We have a collection of very talented guest bloggers to cover the Word for Word Poetry series this summer. They capture a first-hand account of the poetry readings, as well as help to interpret the work of our visiting poets who present at the Bryant Park Reading Room sponsored by HSBC.
Anne Lovering Rounds for Word for Word Poetry, June 4, 2013
Featuring the poets of Willow Books
This past Tuesday night, four poets of Willow Books—Randall Horton, Alan King, Tony Medina, and Rachel Eliza Griffiths—delivered a powerhouse program in the Reading Room. When he opened the reading, curator Paul Romero remarked that the poets had a connection to Washington, D.C. in common, and images of the capital did recur in the evening’s different voices: the “one-stop liquor store” of Randall Horton’s “Decision Time for the Would-Be Twelve Stepper,” the “club below U Street” of Alan King’s “At Salaam’s,” the “gutter choke[d] on cherry blossoms” of Tony Medina’s “Cannibals on U Street.” Beyond D.C., these readers’ poems journeyed through a spectacular range of of literal and literary places.
Randall Horton began by reading the poem from which his book, Pitch Dark Anarchy, takes its name. The poem that uses the phrase, “In the Year of Our Lord Circa 1840,” is a reflection on the renaming of the Amistad: “how odd the daylight / at half-mast no valid flag flew— / a nation / above deck pitch dark / anarchy fore & aft.” Setting the tone for the other poems he would share, “In the Year of Our Lord” was a blend—part observation, part protest, part epic. Horton is gifted at maintaining the balance between critique and curiosity, such that the poem can both face the hard truth of “men […] (re) sold (re) manacled” and at the same time wonder, “one day maybe salt cod, mackerel.” Counterpoint also came out of “Decision Time for the Would-Be Twelve Stepper,” where “directly above one-stop liquor store / meetings occur every hour on the hour,” and “a man contemplates which cathedral, / upstairs or down, liquor or step one.” Rather than resolving tension, Horton’s poems do the complex work of exposing it. The end of “Decision Time” summed up this spirit of exposure: “I am. I am. I am.”
Alan King, read from Drift (2012) and from his new manuscript, Point Blank. King’s work accesses universal experience: “The Brute,” as he introduced it, was “a poem for anyone who’s ever hated their boss”; “Conundrum” addressed what it feels like to want to know, and to think you know, as a kid, what it means to be cool; “Slippery” spoke to the contemporary quandary about whether to accept an old, yet changed, acquaintance’s Facebook request (“He’s married now”). King takes these moments and mines them—in “Slippery,” Facebook transcended its reputation as a realm of self-posturing and time-wasting, as King wondered about his old friend (was he a loser? A player? Both?), “whether to respond or close him out.” Relationships both profound and casual were often at stake in King’s poems. What is the payoff for connection? What is the consequence of failed communication? Articulating the injustice of predetermined, authority-driven narratives (a form of deep failure to interact), King ended by reading “Strip Tease,” about a nephew who was racially profiled and detained at Target. Even in a moment of outrage (“I’m sick of this striptease we’re forced to perform”), King hinted that the flip side of the power trip is real intimacy, though we may be a long way from achieving it.

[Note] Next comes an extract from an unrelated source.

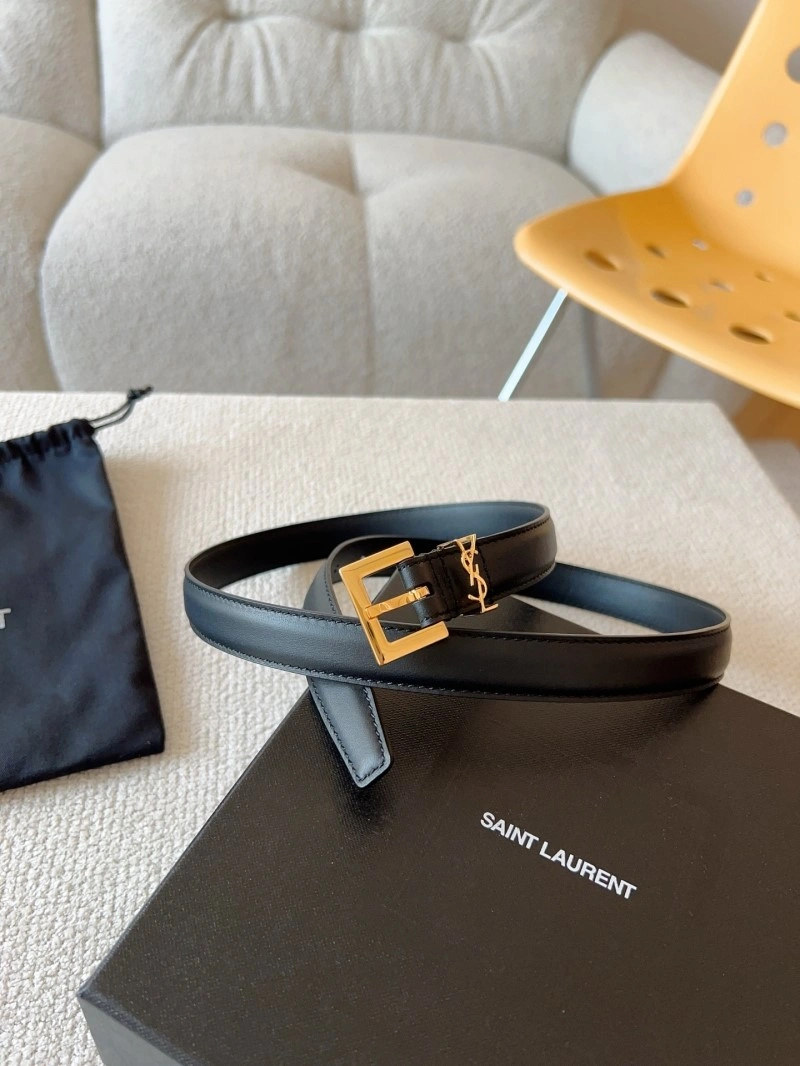 Tailored YSL Belts 305743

Tony Medina, made the audience laugh with “Broke Bonobo” (featuring an irreverent, odd-couple-type exchange between two bonobos—“It’s hard out here for a chimp”), and with an imagined rant of a letter from President Obama to Santa Claus. Medina’s poems showcased pain as well as humor, and emotion was close to the surface in “High Blood Pressure,” from My Old Man Was Always on the Lam, when Medina struggles with his father’s death: “68 years / of tecata screams / 68 years of street hustle / schemes.” Whether writing litany or fantasy, whether sounding angry or amused, Medina is open about surviving in this world, and what it can take. His poems point up the question, We made it this far, didn’t we?
Rachel Eliza Griffiths jokingly apologized for her “depressing poems.” Griffiths, a returning reader in the series, is audacious in the way she faces histories of loss in her poems. In “Blues For Sweet Thing,” inspired by Nina Simone, she asks, “How did I end up being a ghost of every nothing?” In “Declarations From Ghost,” the speaker implores a grandmother figure, “Tell me you are dead,” so she can desist “stopping for ghosts who over and over call out your name.” “The Reckoning of Relics” treated Griffiths’s encounter with (the remains of) Edna St. Vincent Millay on a tour through Millay’s house in Austerlitz, New York—an experience the poem figures as a kind of salvation, of being “picked […] up out of the dirt when I wanted to stay face down.” Yet even as Griffiths refuses to soften the impact of loss and uncertainty, the natural and the pastoral are the undercurrents of her poems: dirt; fruit; body. Even the difficult, she reminds us, is organic.
Anne Lovering Rounds is Assistant Professor of English at Hostos Community College, City University of New York.